Enterprises across Australia and New Zealand have suffered significant financial and productivity losses as a result of almost half of their new ICT hires being not up to the job, according to a survey by recruitment firm Hudson.
The annual survey, which examined 1000 employers and 1300 employees across the region, found 44 per cent of new hires are considered “not good” by their employers. It also indicated that the ongoing skills shortage and a competitive employment market had left businesses under pressure to employ staff and making poor hiring decisions.
Hudson ICT national practice director, Martin Retschko, said businesses must look to change their recruitment processes to accommodate current market conditions, defined by low levels of unemployment and an increasingly mobile workforce.
“The current employment landscape is complex and there is increasing pressure on organisations to both find the right people to fill particular roles and improve the overall quality of new hires,” Retschko said in a statement.
“Businesses are clearly failing to make the right decisions with nearly half of new employees considered ‘not good’.
“The potential impact of this is huge. The cost of a bad hire can be enormous, not just to productivity but also to employee engagement, staff morale, and wasted resources and investment throughout the recruitment process.
"There remains far too little focus on investing in the right process to ensure a new hire is right for an organisation and a specific role.”
The skills shortage continued to impact on employers, Retschko said, with 63 per cent of employers reporting they and their employees are under constant pressure and under-resourced. However, less than half of the employers surveyed indicated they had enough applicants to fill the roles they needed to.

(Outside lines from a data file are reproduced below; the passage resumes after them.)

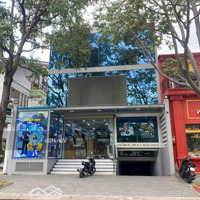 Tòa Nhàmặt Tiềncách Mạng Tháng Tám, Q. Tân Bình - Dt: 9X20M - Hầm 4 Tầng - Hđt: 300 Triệu - Giá Bán 50 Tỷ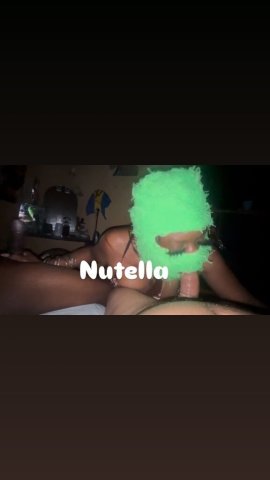 Transgender Goddess — Oral Goddess Service (Incalls/Outcalls) in Brockton - 1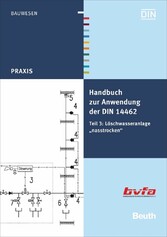 Handbuch zur Anwendung der DIN 14462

According to Retschko, relief from the skills shortage is not in sight with a “restless and mobile” workforce exacerbating the issue.
“People across all professions are now increasingly confident they can move, with six in 10 employees seeking a new job and over 81 per cent saying they plan to leave their current role within the next two years,” he said.
“These figures are very high and potentially, employers could begin to lose talent faster than they can hire.”
Retschko advised employers to revise their hiring strategy in order to improve the quality of new hires, and cited a need to evaluate a potential employees’ attitude and motivation as well as how they fit culturally into the business.
When measures are taken to examine motivation or culture in the hiring process, Retschko said 91 per cent of hires were regarded as “excellent or good”.
However, the survey reported only six per cent of employers evaluated a candidate’s ‘want to’ or motivation and potential fit for the role, with the majority focusing on the ‘know how’ or traditional methods which include reference checking (90 per cent), background interviews (74 per cent) and resume screening (71 per cent).